Loures e Odivelas: Acesso à água dos serviços municipalizados a quem tem contas em atraso nos bairros municipais
A medida levada a cabo pelos municípios, nomeadamente a instalação de restritores de caudal a quem tem contas de água em atraso nos bairros municipais, acaba por ser uma pescadinha de rabo na boca que permite apenas “encher uma banheira em 24 horas”. O povo não tem dinheiro para pagar as contas porque não tem trabalho. Por seu lado, os serviços municipais vêem-se com uma enchente de dívidas e cortam no fornecimento da água.

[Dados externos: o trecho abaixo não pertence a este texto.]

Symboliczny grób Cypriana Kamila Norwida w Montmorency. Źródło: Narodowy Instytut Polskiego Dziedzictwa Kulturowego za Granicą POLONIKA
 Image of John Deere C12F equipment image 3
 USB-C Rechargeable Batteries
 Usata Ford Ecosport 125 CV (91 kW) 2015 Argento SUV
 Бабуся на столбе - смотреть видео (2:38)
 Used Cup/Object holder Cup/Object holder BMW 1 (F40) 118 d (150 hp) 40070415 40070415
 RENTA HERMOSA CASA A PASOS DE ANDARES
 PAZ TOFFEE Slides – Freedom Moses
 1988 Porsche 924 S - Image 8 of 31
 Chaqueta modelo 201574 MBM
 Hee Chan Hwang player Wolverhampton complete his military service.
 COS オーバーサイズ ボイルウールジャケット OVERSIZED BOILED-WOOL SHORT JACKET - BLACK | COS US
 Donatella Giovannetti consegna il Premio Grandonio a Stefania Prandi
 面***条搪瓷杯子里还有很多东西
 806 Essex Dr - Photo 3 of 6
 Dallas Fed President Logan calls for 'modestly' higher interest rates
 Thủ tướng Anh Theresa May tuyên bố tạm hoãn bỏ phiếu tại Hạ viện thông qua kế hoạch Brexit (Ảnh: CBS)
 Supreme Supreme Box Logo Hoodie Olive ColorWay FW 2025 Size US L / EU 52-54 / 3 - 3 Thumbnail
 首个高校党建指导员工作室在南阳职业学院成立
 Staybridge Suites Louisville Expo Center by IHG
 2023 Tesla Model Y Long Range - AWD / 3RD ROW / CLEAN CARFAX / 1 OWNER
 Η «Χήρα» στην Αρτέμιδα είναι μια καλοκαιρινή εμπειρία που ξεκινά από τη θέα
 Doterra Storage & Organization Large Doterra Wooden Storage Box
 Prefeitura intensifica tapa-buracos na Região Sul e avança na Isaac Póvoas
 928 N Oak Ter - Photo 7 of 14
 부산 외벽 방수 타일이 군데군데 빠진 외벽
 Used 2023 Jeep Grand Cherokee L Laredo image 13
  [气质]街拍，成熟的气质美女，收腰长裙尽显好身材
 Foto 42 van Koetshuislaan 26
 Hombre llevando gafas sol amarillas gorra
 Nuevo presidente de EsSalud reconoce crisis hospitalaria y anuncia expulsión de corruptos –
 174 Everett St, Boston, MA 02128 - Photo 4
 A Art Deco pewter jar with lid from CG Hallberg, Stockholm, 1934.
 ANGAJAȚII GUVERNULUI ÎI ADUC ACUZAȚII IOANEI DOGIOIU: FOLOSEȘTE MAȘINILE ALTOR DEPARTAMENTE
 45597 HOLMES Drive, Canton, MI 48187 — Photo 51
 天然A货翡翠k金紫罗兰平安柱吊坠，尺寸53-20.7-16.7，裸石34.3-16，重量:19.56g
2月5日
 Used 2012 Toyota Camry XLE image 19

Filipe Varges sublinha que o restritor “não permitirá um esquentador ou uma máquina de lavar”.
A conclusão, essa da falta de acesso à água dos serviços municipalizados, é muito triste se pensarmos em famílias inteiras com a água completamente racionada. E as crianças, não têm direito à higiene e à saúde? Acaso são responsáveis pelas dívidas dos pais? E quem não tem trabalho, será obrigado a roubar para pagar a conta da água?
Restritor de caudal, uma vingança à falta de pagamento das contas da água
Este restritor de caudal que inibe o acesso à água dos serviços municipalizados está já instalado em muitos fogos de um bairro municipal e, “nas próximas semanas o projecto vai ser estendido a 1.700 casas dos concelhos de Loures e Odivelas”. Pobreza gera, de facto, pobreza. E a pobreza de espírito é, sem dúvida, geradora de miséria – da verdadeira miséria humana.
Na reportagem da RTP sublinha-se, e muito bem, que “o direito à água e ao saneamento básico é um direito fundamental, consagrado pelas Nações Unidas”. Será que o direito à água de uma família estará minimamente garantido com o acesso a apenas o equivalente a uma “banheira em 24 horas”, como está a impor o restritor dos concelhos de Loures e Odivelas?
O acesso à água dos serviços municipalizados é, de facto, um direito. Refira-se que os serviços de águas podem ser prestados por empresas públicas ou, em regime de concessão, por empresas privadas, sendo esses serviços considerados essenciais.
O objectivo é sempre – ou deve ser – saciar as necessidades básicas da população – além da sua importância para a saúde da sociedade em geral e também para o meio ambiente.
Aqui fica um alerta. Gente do meu país, entre os procedimentos do saneamento básico, volto a repetir, básico, está o tratamento de água, a canalização e tratamento de esgotos, a limpeza pública de ruas e avenidas, a recolha e tratamento de resíduos orgânicos (em aterros sanitários regularizados) e materiais (através da reciclagem).